Fumitaro Ohama (大浜 史太郎, Ōhama Fumitarō), is a Japanese internet entrepreneur and creative director who founded Japan's mega fashion show, "Tokyo Girls Collection". Ohama is also an animation director and the founder of RABBITWARREN ANIMATION STUDIOS, which created the popular animation channel "RABBITWARREN". Within a year of its YouTube launch, the channel surpassed 17 million subscribers and was awarded "Most Promising Animation Company in Asia 2024" by Asia Business Outlook.

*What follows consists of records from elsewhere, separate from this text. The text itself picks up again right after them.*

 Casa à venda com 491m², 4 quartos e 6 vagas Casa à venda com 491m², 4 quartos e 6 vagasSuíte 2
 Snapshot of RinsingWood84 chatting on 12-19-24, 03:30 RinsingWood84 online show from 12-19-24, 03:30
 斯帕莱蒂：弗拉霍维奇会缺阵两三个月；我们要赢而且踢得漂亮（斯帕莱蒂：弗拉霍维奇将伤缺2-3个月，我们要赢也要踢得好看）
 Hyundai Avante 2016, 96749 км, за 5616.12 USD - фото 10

Ohama also established Japan's first mega mobile site, "girlswalker.com," and "fashionwalker.com" in collaboration with Japan's major portal site, Yahoo! Japan (SoftBank Group). He became the president and CEO of Branding Inc. (former name as Xavel Inc.), a company owning 17 group companies. The annual sales of all the companies under his leadership exceeded 290 billion yen (US$270 million), which he later sold in 2011.

Ohama is also the producer and creative director of the fashion tournament "WORLD RUNWAY" and the art movement "UNCONDITIONABLE PROJECT.

==Biography==
Fumitaro Ohama graduated from University of Southern California in 1997. During his study in USC, he produced a charity event for Great Hanshin earthquake in 1995 at USC and made donation to Kobe, which later leads to establishment of Kobe Collection, a fashion event to promote and rebuild Kobe city and economy.

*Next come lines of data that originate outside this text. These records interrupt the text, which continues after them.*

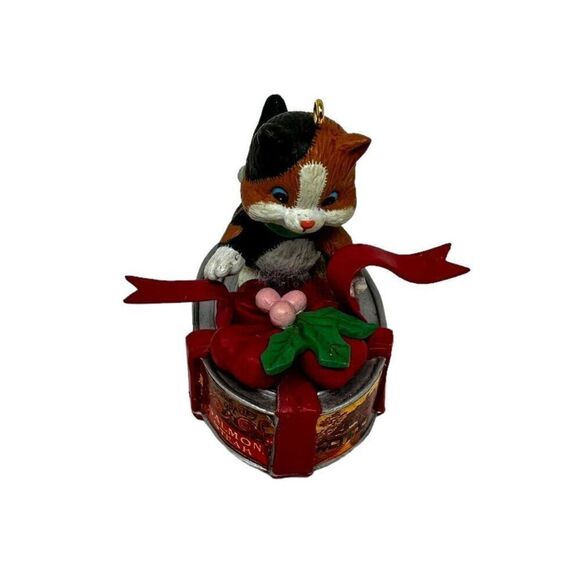 Vintage 1992 Lustre Fame Kitty Cat On Salmon Tin Can 2.25” Ornament - Picture 2 of 8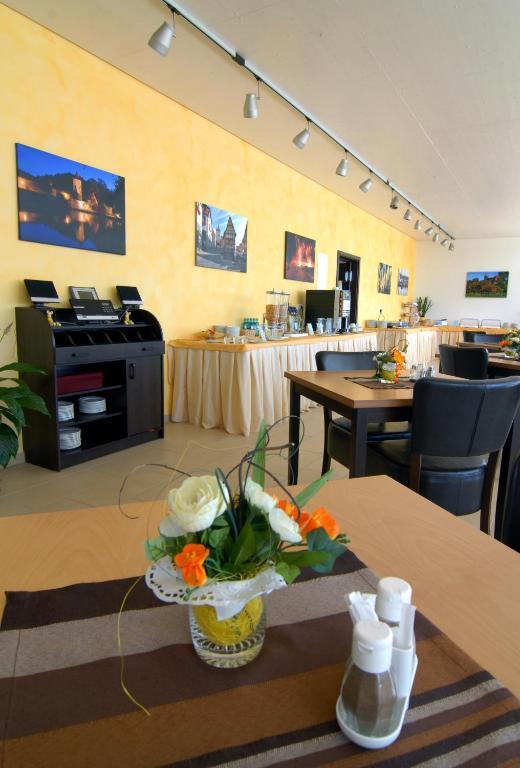Hotel Frankenhoehe Aurach Ngoại thất bức ảnh
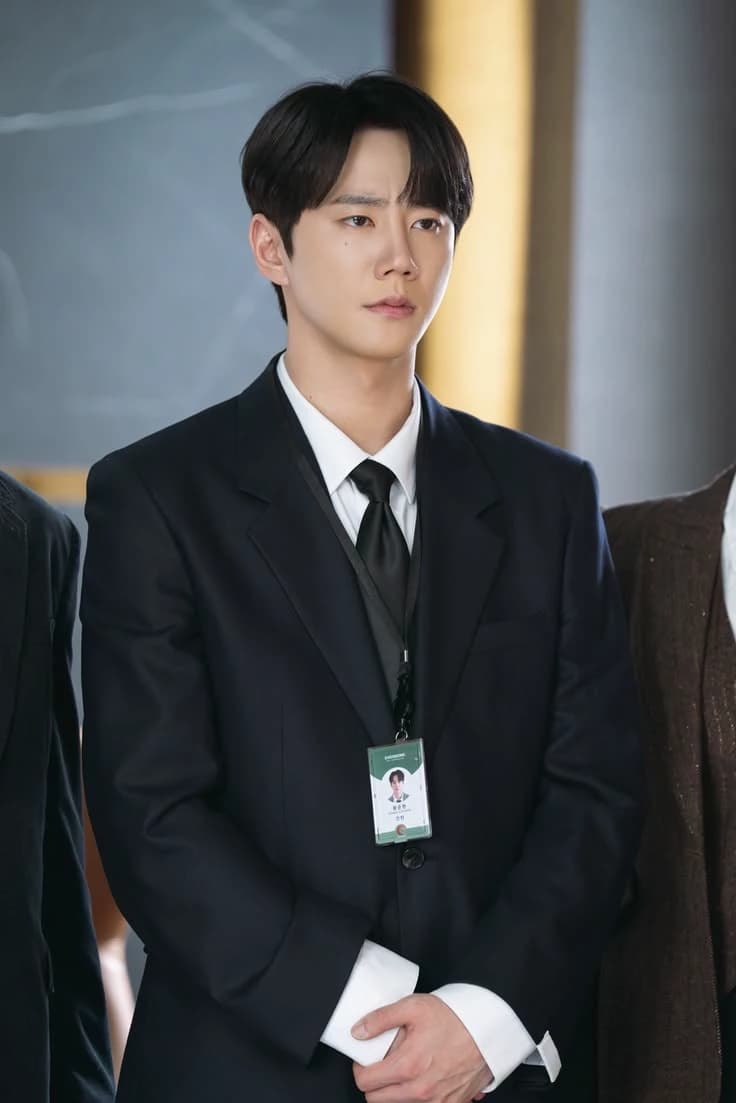 Lee Jun Young. thumbnail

He started working at Riviera Country Club (golf course at Los Angeles, CA)and became the chief project manager for "Nissan LA Open" and "US Senior Open 1998".

In 1999, Ohama started his first own company, Branding group for internet, fashion and wedding business in Japan, and also produced wedding of Ichiro Suzuki, MLB player of Miami Marlins.

In 2002, Ohama along with MBS (Mainichi Broadcasting System), proposed a semi-annual fashion event, Kobe Collection, to rebuild the local economy and city brand, which has been a long run event since the establishment.

In July 2005, Ohama initiated the Tokyo Girls Collection, Japan's mega fashion event. He also collaborated with GEISAI#9 of Takashi Murakami, contemporary artist, for later Tokyo Girls Collections. He also directed fashion and music collaboration event, Asia Girls Explosion, produced together with Yoshiki of X Japan. Today, the visitors of TGC has grown into 30,000 per day, 60,000 visitors for 2 days event. In 2011, he launched a new charity event series, WORLD RUNWAY Premiere in Singapore for Great East Japan Earthquake disaster and in 2015 for Kenya for local economy development.

He collaborated with various major companies such as SQUARE ENIX, SUMITOMO CORPORATION, and AOYAMA TRADING.

Ohama was awarded by many media such as Nikkei Internet award, HIGH-SERVICE BEST 300 and The 14th AMD award 2008 (contribution for digital industry in Japan) and others.

He is also introduced as the member of "Seven Samurai of New Japan Inc." by Reuters along with other notable Japanese companies such as DeNA, provider of mobile portal and e-commerce site and Yoshinoya, the major beef bowl restaurant.